:: What the task requires ::
Reproduce exactly, leaving out pictures, each line from the one holding "44 Miamis Road West Hartford CT 06117" through the final line of the listing, and add nothing.

:: Data extract ::
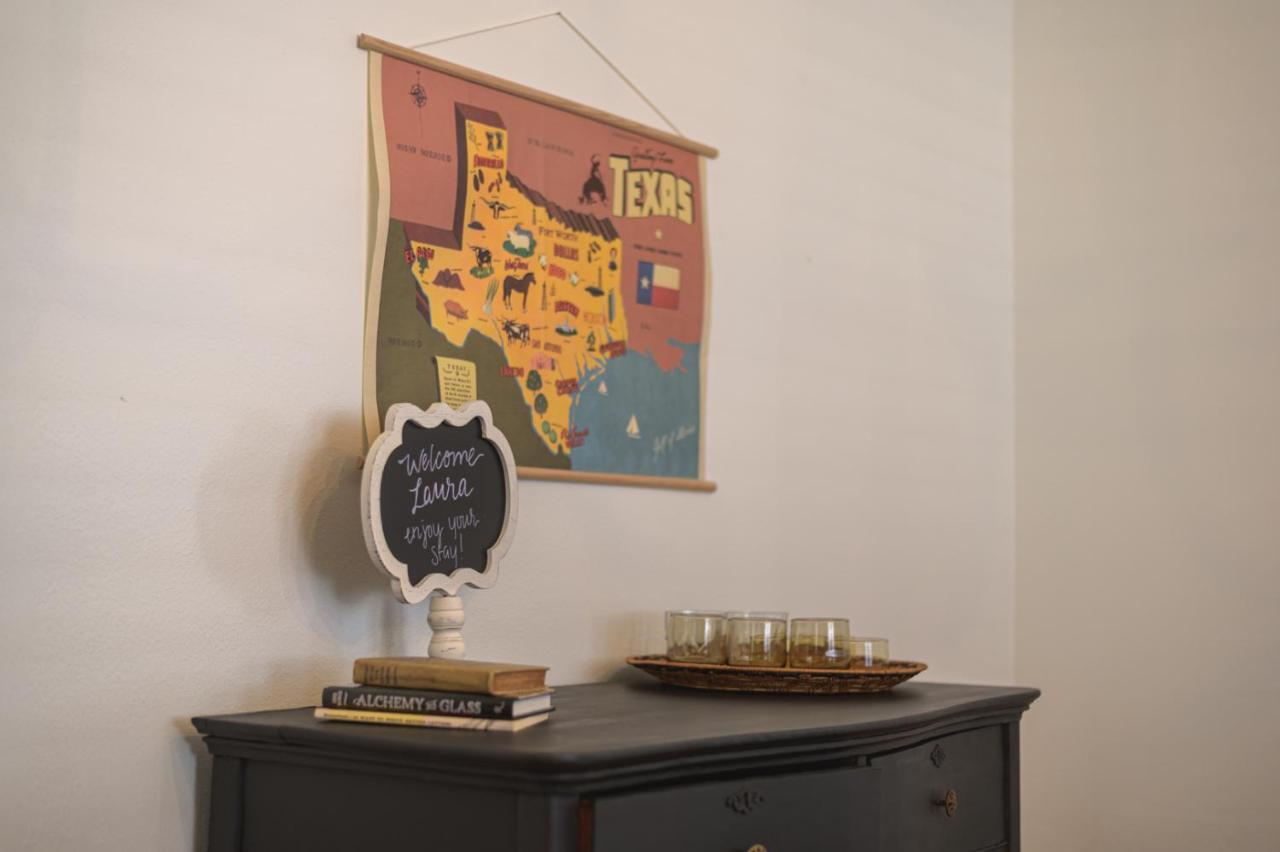 Restored 1930S Uptown Bungalow 2 Min. To Magnolia ウェーコ エクステリア 写真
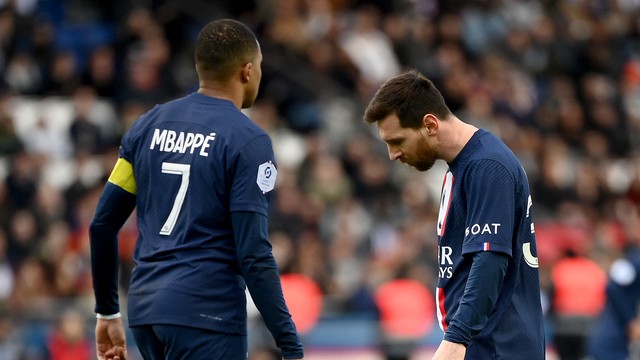 PSG de Mbappé e Messi joga mal e perde para o Rennes no Campeonato Francês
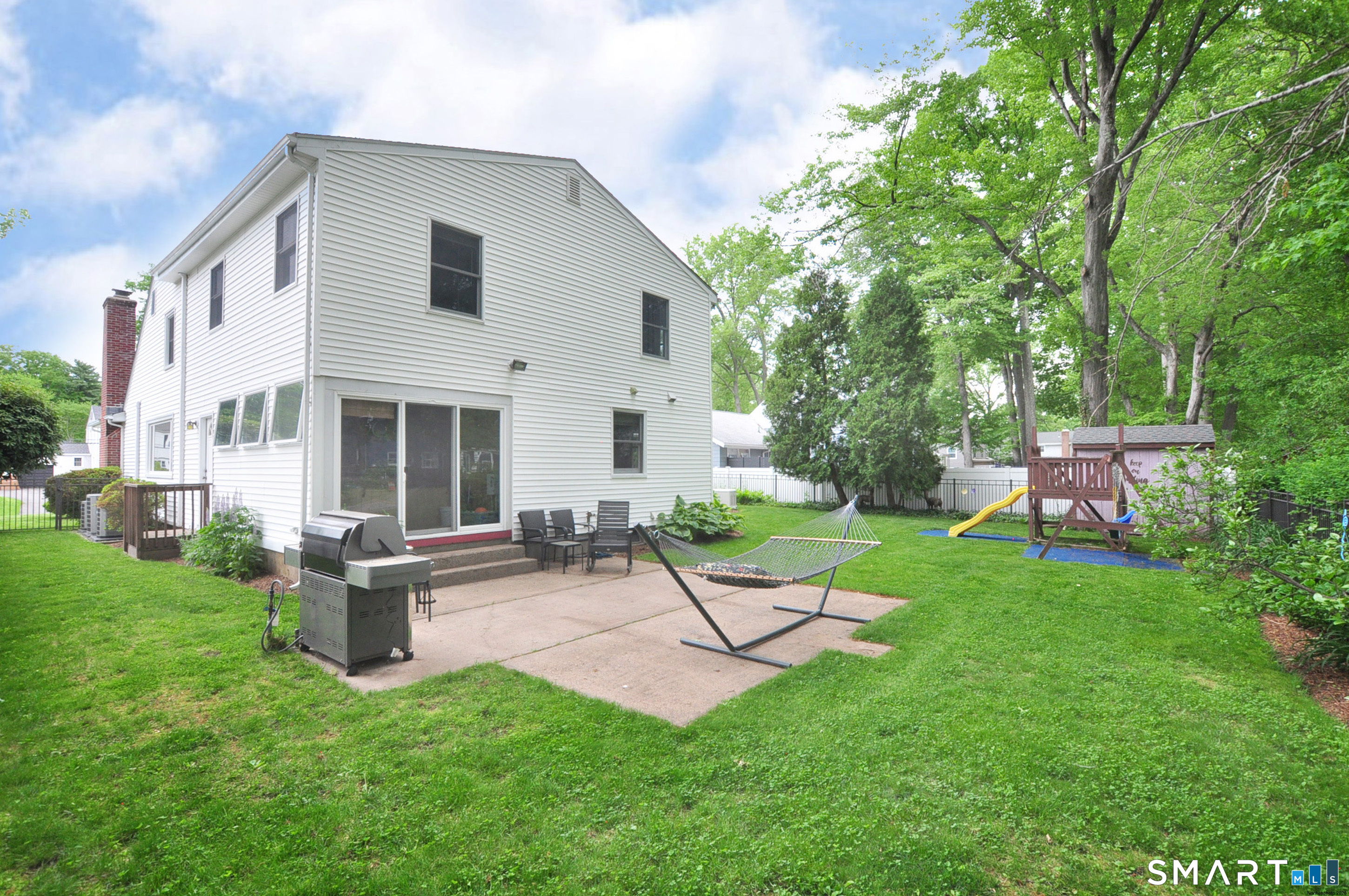 44 Miamis Road West Hartford CT 06117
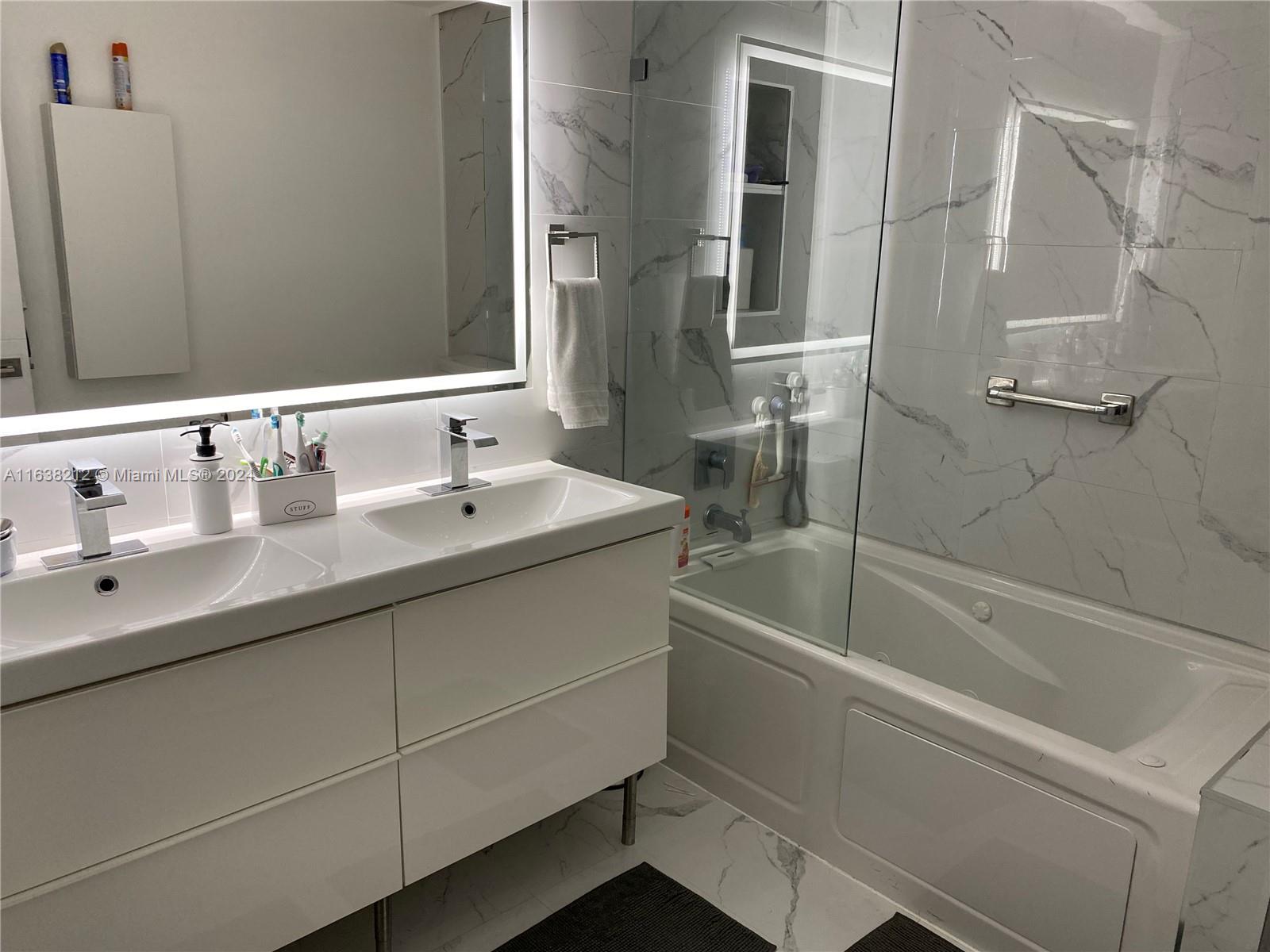 Photo 23 of 48 of 15675 SW 84th Ter 906 condo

:: Output of the task ::
 44 Miamis Road West Hartford CT 06117
 Photo 23 of 48 of 15675 SW 84th Ter 906 condo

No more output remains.